Terug naar het overzicht

Waardebepaling nieuwe stijl: de bottom-up methode

In deze blog praat Alexander Thomassen van Instituut voor Zakelijke Mediation je graag bij over een nieuwe techniek in de bepaling van de waarde van een onderneming.
 
Voor de meeste ondernemers is een waardebepaling ingewikkeld, tijdrovend en kostbaar. Dat begrijpen wij. Het is een stuk eenvoudiger om zelf online een sector multiple op te zoeken en die te vermenigvuldigen met de laatst gerapporteerde EBITDA. Maar soms ontkom je niet aan een volwaardig rapport, bijvoorbeeld bij:
 
  • Verkoop, overdracht of overname
  • Toetreding of uitkoop van aandeelhouders, maten, partners en vennoten
  • Conflictsituaties
  • Scheiding of nalatenschap
  • Fiscale waardering bijvoorbeeld bij het uitrollen van een participatieplan
  • Fusie of samenwerking
  • Herstructurering of faillissement
 

Prognoses
 

Wat waarderen zo lastig maakt is het bepalen van de prognoses. Bij de discounted cashflow methode gebruiken we gedetailleerde cashflow voorspellingen.
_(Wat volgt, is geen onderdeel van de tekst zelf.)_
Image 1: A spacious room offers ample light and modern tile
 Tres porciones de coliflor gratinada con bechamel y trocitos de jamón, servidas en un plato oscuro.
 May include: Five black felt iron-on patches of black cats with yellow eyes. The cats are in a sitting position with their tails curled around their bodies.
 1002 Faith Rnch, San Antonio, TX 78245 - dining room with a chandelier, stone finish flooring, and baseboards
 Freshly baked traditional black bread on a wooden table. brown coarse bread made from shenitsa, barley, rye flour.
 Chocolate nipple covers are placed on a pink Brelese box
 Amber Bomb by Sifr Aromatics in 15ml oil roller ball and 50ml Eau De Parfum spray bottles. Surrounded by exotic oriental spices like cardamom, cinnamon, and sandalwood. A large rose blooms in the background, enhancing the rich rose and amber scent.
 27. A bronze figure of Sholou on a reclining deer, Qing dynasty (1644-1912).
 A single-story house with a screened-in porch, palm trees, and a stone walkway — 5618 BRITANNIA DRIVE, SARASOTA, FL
We moeten een inschatting maken van de timing en omvang van de toekomstige resultaten en investeringen.
 
Bij het vaststellen van de van de toekomstige cashflows spelen 2 grote onzekerheden:
 
  • We weten ongeveer maar niet precies hoe groot de toekomstige cashflows zijn
  • We weten ongeveer maar niet precies wanneer de toekomstige cashflows vallen
 
Cashflows kunnen hoger of lager uitvallen. Dat is het risico. Hoe groter de bewegelijkheid, hoe hoger het risico. De rode lijn in onderstaande grafiek laat de voorspelling van de ondernemer zien. De groene lijnen laten zien in hoeverre bepaalde cashflows afwijken bij een risicovoet van 25%.
 
 

Dicounted cashflow

We willen de waarde van de onderneming op dit moment weten. Als de prognose klaar is en de cashflows zijn vastgesteld moeten de cashflows worden teruggerekend naar nu. Dat proces van terugrekenen heet “disconteren”. Vandaar “discounted cashflow”.

Stel we hebben een project dat eind 2027 stopt en naar verwachting deze cashflows laat zien. We stellen het risico vast op 20%. Wat is dan de waarde van deze geldstroom?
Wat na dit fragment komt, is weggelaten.